I am just about to pick up my 2002 TT 225hp awd from the dealer and someone mentioned to me to look into this tune as well. Is it really that good that I should probably go with it as well or is there something else that people would consider over it? What other options are there and why do I keep hearing this one come up all the time? Would love more info on the benefits. Tunes are new to me and I get a bit freaked out when it comes to flashing the factory ecu and such....want to make sure I do it properly.


----------



## jsmith2015 (Mar 7, 2015)

recaro19 said:


> I am just about to pick up my 2002 TT 225hp awd from the dealer and someone mentioned to me to look into this tune as well. Is it really that good that I should probably go with it as well or is there something else that people would consider over it? What other options are there and why do I keep hearing this one come up all the time? Would love more info on the benefits. Tunes are new to me and I get a bit freaked out when it comes to flashing the factory ecu and such....want to make sure I do it properly.


Flashing was super easy last revision i used the app on my android phone to flash, if you can beleive that.

My tune is e85 but they has have gas tunes also.

I recommend them so highly because the tune is great and the customer service is unreal compared to the rest of the industry.

My car has been down 3 weeks due to damage by the tire shop. They emailed me just to see how i was doing and if i the logs for my next revision.

I dare say you will never have that happin with most if not all other company's. 

Was 37 degree's this morning cold start was great, didnt let it get all up to temp and it ran smoothly. Thats a a great result on e85

Sent from my LGMS330 using Tapatalk


----------



## 20v master (May 7, 2009)

So about that timing curve.....


----------



## jsmith2015 (Mar 7, 2015)

20v master said:


> So about that timing curve.....


Ya i know its "fixed" now. Thanks America's tire.

Taking her out sunday

Sent from my LGMS330 using Tapatalk


----------



## 20v master (May 7, 2009)

20v master said:


> So about that timing curve.....


Any updates?


----------



## jsmith2015 (Mar 7, 2015)

No i have been under water with work, bills, doctors the baby,and trying to sell all my ****.

God willing im taking it out this weekend

Sent from my LGMS330 using Tapatalk


----------



## jsmith2015 (Mar 7, 2015)

Its so funny a year ago any free time i had i couldn't wait to work on or drive the tt. These days if im not covered in spit up or doodoo I can barely get off the couch. Add to that my daughter is so much more fun and happy during the day if i get a day off i spend most of it playing with her.
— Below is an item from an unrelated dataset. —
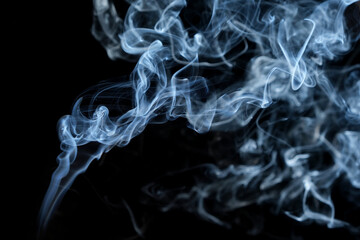 Twisted plumes of smoke, smoke movement on a black background. Abstract smoke lines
I did bring her put in the garage with me wile i was working on getting the bushings out of the control arms and lucky for me she thinks its funny when i drill and hammer on stuff

Sent from my LGMS330 using Tapatalk


----------



## hunTTsvegas (Aug 27, 2012)

jsmith2015 said:


> Its so funny a year ago any free time i had i couldn't wait to work on or drive the tt. These days if im not covered in spit up or doodoo I can barely get off the couch. Add to that my daughter is so much more fun and happy during the day if i get a day off i spend most of it playing with her.
> 
> I did bring her put in the garage with me wile i was working on getting the bushings out of the control arms and lucky for me she thinks its funny when i drill and hammer on stuff
> 
> Sent from my LGMS330 using Tapatalk


I completely understand that. My son just turned 3. I try getting him around tools while I'm wrenching but then he decides to try and take things out with them. Usually end up waiting until he's asleep, if I can stay awake. It'll get easier though! :beer:


----------